### TASK OBJECTIVE
Reproduce exactly, and only, the lines running from the start of the entries below to the line containing "Typhoon Lightning LED Lampe 150W IP66".

### SUPPLIED ENTRIES
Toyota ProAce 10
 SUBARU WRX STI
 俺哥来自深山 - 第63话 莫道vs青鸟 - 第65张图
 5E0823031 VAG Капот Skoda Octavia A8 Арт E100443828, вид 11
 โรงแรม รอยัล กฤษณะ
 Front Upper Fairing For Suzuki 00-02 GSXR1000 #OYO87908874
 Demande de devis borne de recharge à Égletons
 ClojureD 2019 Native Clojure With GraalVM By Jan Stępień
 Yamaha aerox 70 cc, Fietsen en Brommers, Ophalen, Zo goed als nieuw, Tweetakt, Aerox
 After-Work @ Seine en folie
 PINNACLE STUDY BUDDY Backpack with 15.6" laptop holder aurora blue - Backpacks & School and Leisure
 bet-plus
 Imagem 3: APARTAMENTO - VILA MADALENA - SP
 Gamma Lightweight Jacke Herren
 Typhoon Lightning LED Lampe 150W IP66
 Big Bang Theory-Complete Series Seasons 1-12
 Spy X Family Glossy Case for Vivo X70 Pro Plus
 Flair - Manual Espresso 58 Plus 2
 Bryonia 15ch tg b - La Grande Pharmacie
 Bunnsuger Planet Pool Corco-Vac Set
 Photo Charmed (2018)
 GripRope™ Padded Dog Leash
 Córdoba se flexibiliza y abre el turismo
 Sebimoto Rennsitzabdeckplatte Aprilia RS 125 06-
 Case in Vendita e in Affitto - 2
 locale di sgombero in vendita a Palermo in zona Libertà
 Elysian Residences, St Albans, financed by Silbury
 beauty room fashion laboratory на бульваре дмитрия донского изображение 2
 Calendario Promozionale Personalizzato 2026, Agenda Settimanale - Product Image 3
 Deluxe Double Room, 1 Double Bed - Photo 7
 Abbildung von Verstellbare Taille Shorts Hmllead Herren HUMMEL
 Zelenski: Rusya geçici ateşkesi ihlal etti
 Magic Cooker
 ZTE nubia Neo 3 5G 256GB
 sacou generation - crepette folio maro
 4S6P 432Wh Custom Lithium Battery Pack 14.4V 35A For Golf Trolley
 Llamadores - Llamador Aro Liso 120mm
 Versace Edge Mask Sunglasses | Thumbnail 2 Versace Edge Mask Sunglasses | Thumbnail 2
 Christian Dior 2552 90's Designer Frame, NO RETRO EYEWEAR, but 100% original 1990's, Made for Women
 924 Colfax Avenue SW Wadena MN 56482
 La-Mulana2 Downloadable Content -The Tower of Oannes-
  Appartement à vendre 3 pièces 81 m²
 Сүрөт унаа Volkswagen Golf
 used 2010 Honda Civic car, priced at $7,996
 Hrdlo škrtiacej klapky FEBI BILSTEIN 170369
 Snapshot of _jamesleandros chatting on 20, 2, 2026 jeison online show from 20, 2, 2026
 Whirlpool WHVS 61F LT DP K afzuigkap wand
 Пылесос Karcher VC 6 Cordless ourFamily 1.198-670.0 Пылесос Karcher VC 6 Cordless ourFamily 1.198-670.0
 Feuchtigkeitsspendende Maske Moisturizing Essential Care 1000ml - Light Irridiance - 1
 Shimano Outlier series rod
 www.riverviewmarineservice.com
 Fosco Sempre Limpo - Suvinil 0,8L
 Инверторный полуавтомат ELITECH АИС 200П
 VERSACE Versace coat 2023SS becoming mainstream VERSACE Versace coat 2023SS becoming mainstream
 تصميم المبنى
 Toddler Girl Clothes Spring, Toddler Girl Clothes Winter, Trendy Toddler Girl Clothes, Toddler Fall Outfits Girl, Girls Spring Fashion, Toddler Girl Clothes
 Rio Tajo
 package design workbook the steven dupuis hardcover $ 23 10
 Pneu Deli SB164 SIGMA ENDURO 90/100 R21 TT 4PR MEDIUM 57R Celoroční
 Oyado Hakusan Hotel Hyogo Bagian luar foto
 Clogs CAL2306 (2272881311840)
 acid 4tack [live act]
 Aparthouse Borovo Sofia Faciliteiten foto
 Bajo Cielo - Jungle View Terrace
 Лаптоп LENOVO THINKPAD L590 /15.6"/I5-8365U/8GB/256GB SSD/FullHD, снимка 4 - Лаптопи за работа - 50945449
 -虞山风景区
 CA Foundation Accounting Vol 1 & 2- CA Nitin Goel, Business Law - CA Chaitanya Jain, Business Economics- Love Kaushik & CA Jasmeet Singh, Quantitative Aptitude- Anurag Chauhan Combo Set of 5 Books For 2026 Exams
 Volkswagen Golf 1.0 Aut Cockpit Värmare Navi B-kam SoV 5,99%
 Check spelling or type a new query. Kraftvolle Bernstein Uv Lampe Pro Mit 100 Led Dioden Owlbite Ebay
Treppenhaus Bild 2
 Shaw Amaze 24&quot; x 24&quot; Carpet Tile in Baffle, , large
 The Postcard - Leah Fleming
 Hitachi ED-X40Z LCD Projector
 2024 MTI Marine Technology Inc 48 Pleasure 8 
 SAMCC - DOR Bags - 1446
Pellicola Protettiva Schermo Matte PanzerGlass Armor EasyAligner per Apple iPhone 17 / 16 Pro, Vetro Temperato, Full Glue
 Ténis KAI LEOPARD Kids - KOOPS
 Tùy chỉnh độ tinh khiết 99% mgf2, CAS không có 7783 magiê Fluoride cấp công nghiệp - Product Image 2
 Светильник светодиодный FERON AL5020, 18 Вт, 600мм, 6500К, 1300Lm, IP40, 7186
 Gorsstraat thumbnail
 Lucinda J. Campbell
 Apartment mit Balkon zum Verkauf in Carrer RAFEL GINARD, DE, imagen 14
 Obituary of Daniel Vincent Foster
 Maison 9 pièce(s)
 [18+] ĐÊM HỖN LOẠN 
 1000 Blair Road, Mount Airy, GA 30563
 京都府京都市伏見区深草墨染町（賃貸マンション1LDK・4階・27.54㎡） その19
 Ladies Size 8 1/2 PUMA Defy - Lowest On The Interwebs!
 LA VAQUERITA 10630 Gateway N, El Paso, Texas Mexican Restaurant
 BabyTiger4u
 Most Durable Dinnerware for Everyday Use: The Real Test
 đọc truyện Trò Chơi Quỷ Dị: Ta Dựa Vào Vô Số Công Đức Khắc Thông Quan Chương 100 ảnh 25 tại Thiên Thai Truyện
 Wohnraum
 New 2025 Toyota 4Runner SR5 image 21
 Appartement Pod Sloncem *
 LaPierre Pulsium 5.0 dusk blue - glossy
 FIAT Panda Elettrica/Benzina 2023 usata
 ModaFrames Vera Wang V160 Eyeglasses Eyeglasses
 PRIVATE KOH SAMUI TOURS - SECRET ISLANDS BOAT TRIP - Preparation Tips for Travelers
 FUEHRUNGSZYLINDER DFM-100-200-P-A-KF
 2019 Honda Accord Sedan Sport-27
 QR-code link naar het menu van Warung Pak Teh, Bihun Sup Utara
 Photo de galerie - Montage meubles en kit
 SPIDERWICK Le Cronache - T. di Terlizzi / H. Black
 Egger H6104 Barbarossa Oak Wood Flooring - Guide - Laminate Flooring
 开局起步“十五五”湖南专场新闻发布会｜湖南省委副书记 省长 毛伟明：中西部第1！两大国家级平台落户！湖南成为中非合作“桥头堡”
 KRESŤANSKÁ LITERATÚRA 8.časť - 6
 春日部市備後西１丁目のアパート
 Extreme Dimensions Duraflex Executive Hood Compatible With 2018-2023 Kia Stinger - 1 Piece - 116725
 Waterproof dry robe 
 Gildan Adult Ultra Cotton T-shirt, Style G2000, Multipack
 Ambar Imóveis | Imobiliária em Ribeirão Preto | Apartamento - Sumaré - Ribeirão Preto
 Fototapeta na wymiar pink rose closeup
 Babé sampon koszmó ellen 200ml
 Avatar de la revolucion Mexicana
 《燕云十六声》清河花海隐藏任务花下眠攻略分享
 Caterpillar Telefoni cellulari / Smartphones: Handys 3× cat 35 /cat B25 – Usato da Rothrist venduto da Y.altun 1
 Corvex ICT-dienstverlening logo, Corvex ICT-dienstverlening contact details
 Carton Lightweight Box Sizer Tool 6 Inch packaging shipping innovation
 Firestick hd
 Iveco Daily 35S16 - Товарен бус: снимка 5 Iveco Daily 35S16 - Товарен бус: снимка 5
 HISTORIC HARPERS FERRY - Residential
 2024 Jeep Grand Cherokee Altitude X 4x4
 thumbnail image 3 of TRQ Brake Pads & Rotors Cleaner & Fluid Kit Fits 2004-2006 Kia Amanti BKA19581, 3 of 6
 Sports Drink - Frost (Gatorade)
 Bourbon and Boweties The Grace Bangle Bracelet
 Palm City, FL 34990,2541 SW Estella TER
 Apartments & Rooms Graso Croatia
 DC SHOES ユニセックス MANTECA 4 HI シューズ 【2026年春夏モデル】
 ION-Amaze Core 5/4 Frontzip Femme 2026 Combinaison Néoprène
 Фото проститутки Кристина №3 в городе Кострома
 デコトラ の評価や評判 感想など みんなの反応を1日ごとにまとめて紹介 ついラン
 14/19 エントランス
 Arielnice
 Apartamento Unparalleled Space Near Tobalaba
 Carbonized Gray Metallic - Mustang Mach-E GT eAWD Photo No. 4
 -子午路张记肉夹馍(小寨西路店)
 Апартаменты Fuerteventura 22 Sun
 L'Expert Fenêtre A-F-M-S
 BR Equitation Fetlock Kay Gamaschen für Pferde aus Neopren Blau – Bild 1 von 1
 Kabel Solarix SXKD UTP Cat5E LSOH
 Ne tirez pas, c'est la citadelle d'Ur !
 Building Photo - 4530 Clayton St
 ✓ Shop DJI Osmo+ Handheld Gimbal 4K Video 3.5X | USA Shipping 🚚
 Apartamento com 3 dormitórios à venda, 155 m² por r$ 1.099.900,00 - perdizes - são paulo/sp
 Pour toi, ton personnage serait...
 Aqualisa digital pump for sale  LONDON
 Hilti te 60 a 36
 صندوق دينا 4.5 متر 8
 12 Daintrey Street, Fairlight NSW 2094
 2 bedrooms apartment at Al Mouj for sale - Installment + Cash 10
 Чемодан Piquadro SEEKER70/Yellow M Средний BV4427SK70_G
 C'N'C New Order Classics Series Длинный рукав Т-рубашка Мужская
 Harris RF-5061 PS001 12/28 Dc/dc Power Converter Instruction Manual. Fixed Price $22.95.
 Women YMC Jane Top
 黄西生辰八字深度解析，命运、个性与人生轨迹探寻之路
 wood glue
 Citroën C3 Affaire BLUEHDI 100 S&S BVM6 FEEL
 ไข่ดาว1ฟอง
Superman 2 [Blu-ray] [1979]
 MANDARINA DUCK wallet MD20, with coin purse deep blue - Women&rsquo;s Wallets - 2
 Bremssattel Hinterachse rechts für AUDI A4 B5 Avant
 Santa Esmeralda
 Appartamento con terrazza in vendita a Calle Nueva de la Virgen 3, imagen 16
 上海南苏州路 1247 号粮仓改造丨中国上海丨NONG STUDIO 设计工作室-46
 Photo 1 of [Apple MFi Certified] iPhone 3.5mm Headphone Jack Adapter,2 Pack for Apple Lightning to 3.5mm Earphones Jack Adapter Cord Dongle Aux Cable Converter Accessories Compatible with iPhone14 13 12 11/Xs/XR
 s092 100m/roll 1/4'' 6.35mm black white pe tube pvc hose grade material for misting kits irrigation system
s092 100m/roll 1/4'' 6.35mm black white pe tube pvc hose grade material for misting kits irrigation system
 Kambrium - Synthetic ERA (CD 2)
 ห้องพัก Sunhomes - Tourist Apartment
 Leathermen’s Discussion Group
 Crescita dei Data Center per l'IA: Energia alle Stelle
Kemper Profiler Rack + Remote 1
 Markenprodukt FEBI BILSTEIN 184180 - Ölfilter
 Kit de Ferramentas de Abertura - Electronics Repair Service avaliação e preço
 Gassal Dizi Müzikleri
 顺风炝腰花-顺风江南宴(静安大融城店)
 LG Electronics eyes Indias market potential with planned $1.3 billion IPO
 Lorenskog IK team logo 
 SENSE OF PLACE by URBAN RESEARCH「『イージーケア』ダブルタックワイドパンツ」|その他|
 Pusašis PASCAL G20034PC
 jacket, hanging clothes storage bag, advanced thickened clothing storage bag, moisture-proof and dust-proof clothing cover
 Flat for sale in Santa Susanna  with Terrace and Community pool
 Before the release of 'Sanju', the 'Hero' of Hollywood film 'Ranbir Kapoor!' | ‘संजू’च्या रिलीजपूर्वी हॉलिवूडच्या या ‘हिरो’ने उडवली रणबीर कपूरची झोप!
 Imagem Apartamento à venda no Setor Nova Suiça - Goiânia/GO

### EXERCISE ANSWER
Toyota ProAce 10
 SUBARU WRX STI
 俺哥来自深山 - 第63话 莫道vs青鸟 - 第65张图
 5E0823031 VAG Капот Skoda Octavia A8 Арт E100443828, вид 11
 โรงแรม รอยัล กฤษณะ
 Front Upper Fairing For Suzuki 00-02 GSXR1000 #OYO87908874
 Demande de devis borne de recharge à Égletons
 ClojureD 2019 Native Clojure With GraalVM By Jan Stępień
 Yamaha aerox 70 cc, Fietsen en Brommers, Ophalen, Zo goed als nieuw, Tweetakt, Aerox
 After-Work @ Seine en folie
 PINNACLE STUDY BUDDY Backpack with 15.6" laptop holder aurora blue - Backpacks & School and Leisure
 bet-plus
 Imagem 3: APARTAMENTO - VILA MADALENA - SP
 Gamma Lightweight Jacke Herren
 Typhoon Lightning LED Lampe 150W IP66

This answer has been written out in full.